Aún se encontraba incómoda cuando se miraba desnuda ,
pero aún así, decidió mirarse con detenimiento.
La luz tenue hacía que sus formas no parecieran tan obscenas
como a la luz artificial de la bombilla de su cuarto,
o más misteriosas, ajenas a las redondeces que hacía presentes la luz del sol.
Contemplándose, dejó de verse extraña, empezaba a reconocerse,
la desnudez siempre le había parecido cosa de otros.
Y mientras se reconocía, descubrió con asombro que aquel cuerpo escondía gráciles formas,
los movimientos lentos y pausados la hacían descubrir
nuevas concepciones de si misma, que hasta entonces desconocía.

De repente, notó un súbito calor que provenía de la piel,
era un calor agradable, pero desconcertante,
por un momento olvidó qué estaba haciendo y retiró la palma del espejo
y la deslizó suavemente por la curvatura que dibujaba su cintura.
El contraste frío-calor que experimentó era excitante.
Se asustó y dejó de acariciarse.
Contemplaba su mano, suspendida en el aire, como si no fuera suya.
Algo la había detenido en seco,
pero notaba como ardía  la piel que había acariciado.
Deseaba seguir acariciándose, un escalofrío la erizó el vello,
nuevamente el calor, ahora éste, se había propagado, toda ella ardía.

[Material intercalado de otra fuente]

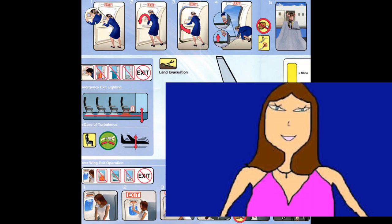Hello and welcome aboard. My name is Mary, and here we go through the safety briefing on board this flight.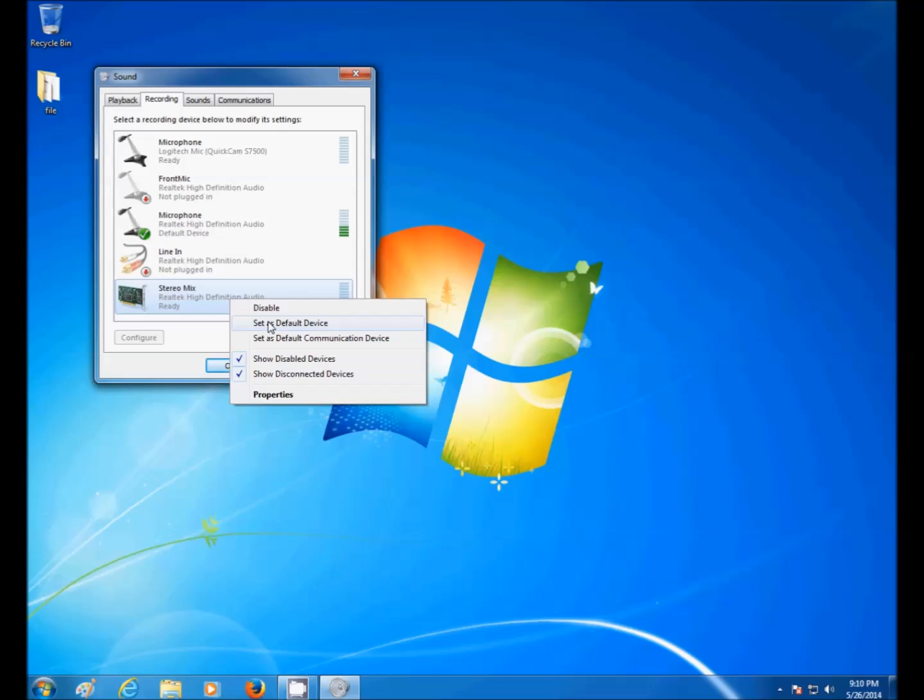So there you go. How to install StereoMix on your computer. I hope you found this video useful. If you have, please show your support for this channel by subscribing. Feel free to leave comments. Please like up the video, and thank you for tuning in.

Sus senos apuntaban firmemente al espejo
y ofrecían una textura rugosa, dura.
Se sintió contrariada: todo su cuerpo estaba reaccionando
cada vez sentía más excitación, deseaba acariciarse
deseaba deslizar sus dedos por sus senos , pero no lo entendía.
Sólo se había mirado en el espejo y se ha visto a si misma.

Volvió a concentrarse en el espejo, no parecía ella, se veía difusa,
pero le llamó la atención que algo parecía brillarle en los ojos,
incluso la comisura de los labios le parecía distinta.
¿Era ella? ¿No lo era?
Se alejó del espejo y se tumbó en la cama
como acto instintivo se cubrió con una tela.
Seguía pensando en el reflejo, en lo que había sentido,
en las ganas que tenía de deslizar su mano por su cuerpo.

Entonces sucedió. Dejó de pensar.
Apartó la tela que la cubría
cerró los ojos y comenzó a acariciarse,
recorrer la superficie de su piel suavemente,
notando y dejándose llevar por los contrastes de temperatura.
Pensó que no era ella la que se acariciaba,
pensó que la acariciaba otra persona,
tal vez aquella, que la observaba desde el espejo.